Abstract

The strong anisotropic thermal expansion behavior found for cordierite ((Mg2Al4Si5O15), β-eucryptite (LiAlSiO4) and NZP (NaZr2P3O12) is qualitatively rationalized using distance least squares (DLS) modeling. In this approach, the thermal expansion is driven by the ionic bonds of Mg2+, Li+ or Na+. Due to constraints imposed by shared polyhedra edges or faces, thermal expansion of the ionic bonds expands the lattice in only one or two dimensions. Due to the connectivity in these structures, this expansion in some directions causes contraction in the other directions. The thermal expansion of β-eucryptite was determined from powder neutron diffraction data over the temperature range 10–809 K. This revealed that the volume thermal expansion of β-eucryptite becomes substantially more negative below room temperature than it is above room temperature.
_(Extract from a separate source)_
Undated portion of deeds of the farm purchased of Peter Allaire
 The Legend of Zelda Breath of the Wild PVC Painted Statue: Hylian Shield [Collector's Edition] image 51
The structure was refined by the Rietveld method from data collected at 12 different temperatures. DLS modeling studies suggest that Li–O bond expansion plus movement of Li from tetrahedral to octahedral sites can explain the thermal expansion behavior above room temperature. However, such an approach cannot explain the more pronounced low-temperature negative thermal expansion, which is most likely attributable to rocking motions of AlO4 and SiO4 tetrahedra.